[SUPPLIED MATERIAL]
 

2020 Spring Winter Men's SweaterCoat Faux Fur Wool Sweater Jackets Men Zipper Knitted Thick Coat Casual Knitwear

==

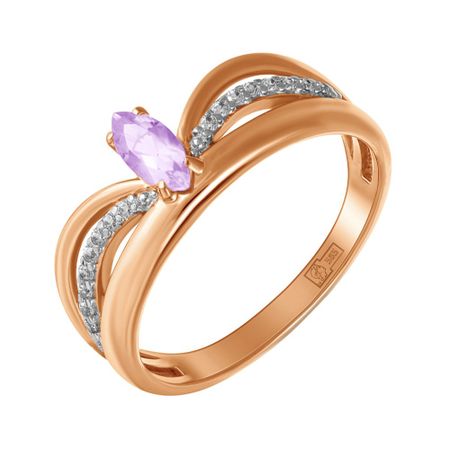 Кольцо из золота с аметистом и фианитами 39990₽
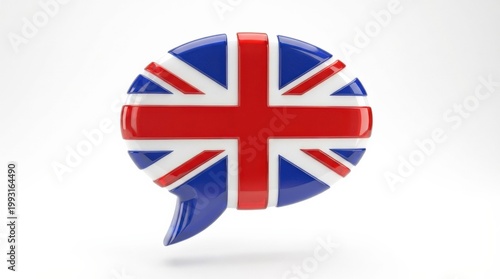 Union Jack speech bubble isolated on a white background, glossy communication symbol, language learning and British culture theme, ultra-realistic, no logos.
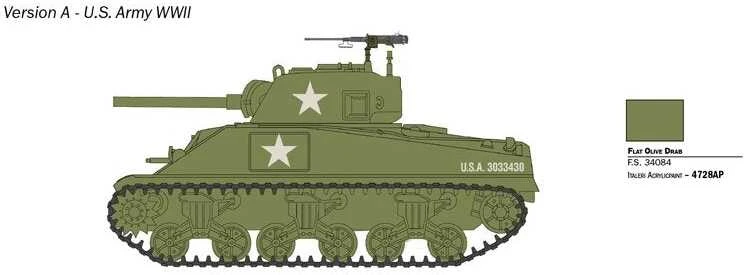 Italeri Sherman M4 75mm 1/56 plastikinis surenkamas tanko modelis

==

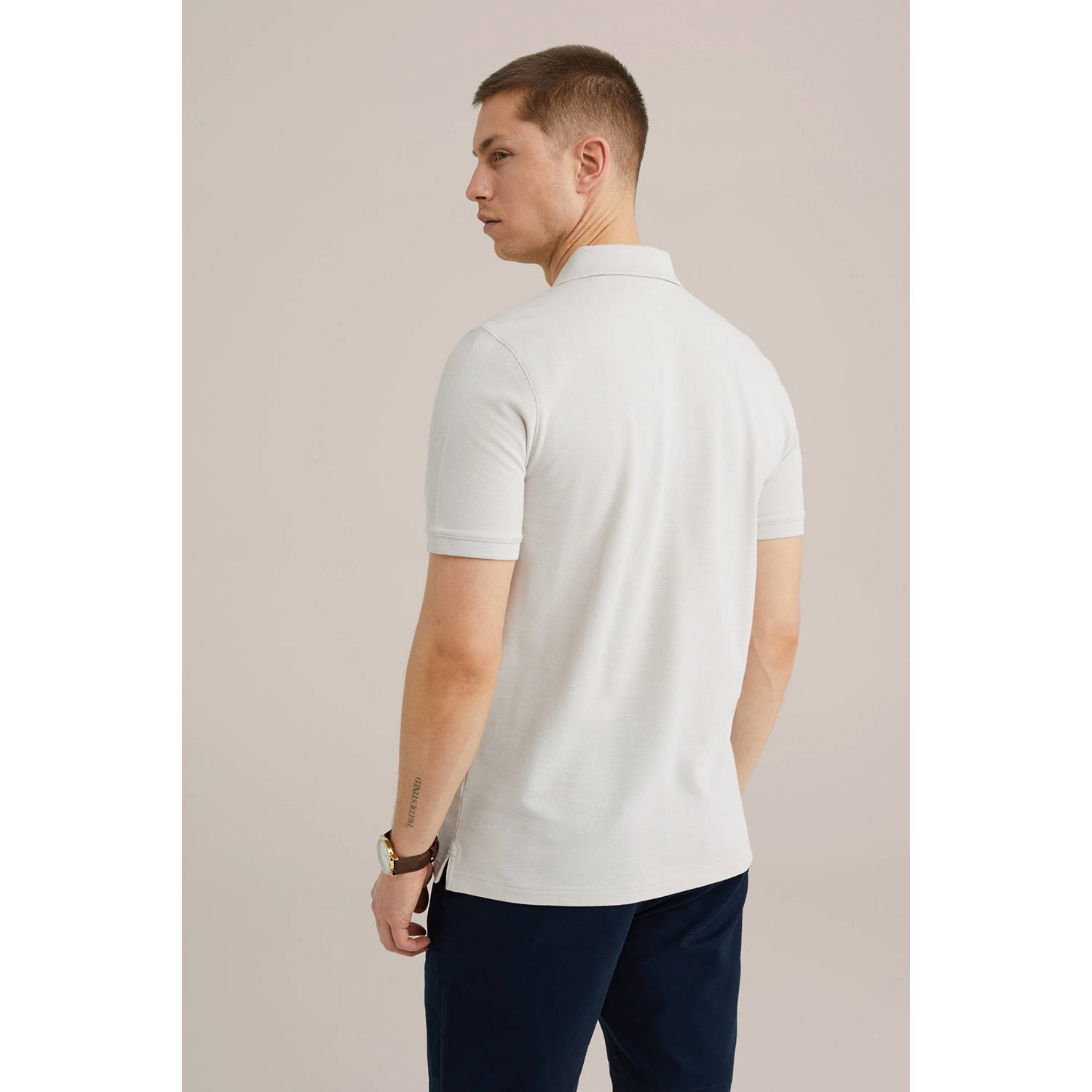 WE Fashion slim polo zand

[WORK TASK] Using the data above, set down each line from the line with "Union Jack speech" to the line with "Italeri Sherman M4" exactly, both ends included, and leave the pictures behind. Nothing else belongs.

[SOLUTION TO THIS EXERCISE]
 Union Jack speech bubble isolated on a white background, glossy communication symbol, language learning and British culture theme, ultra-realistic, no logos.
 Italeri Sherman M4 75mm 1/56 plastikinis surenkamas tanko modelis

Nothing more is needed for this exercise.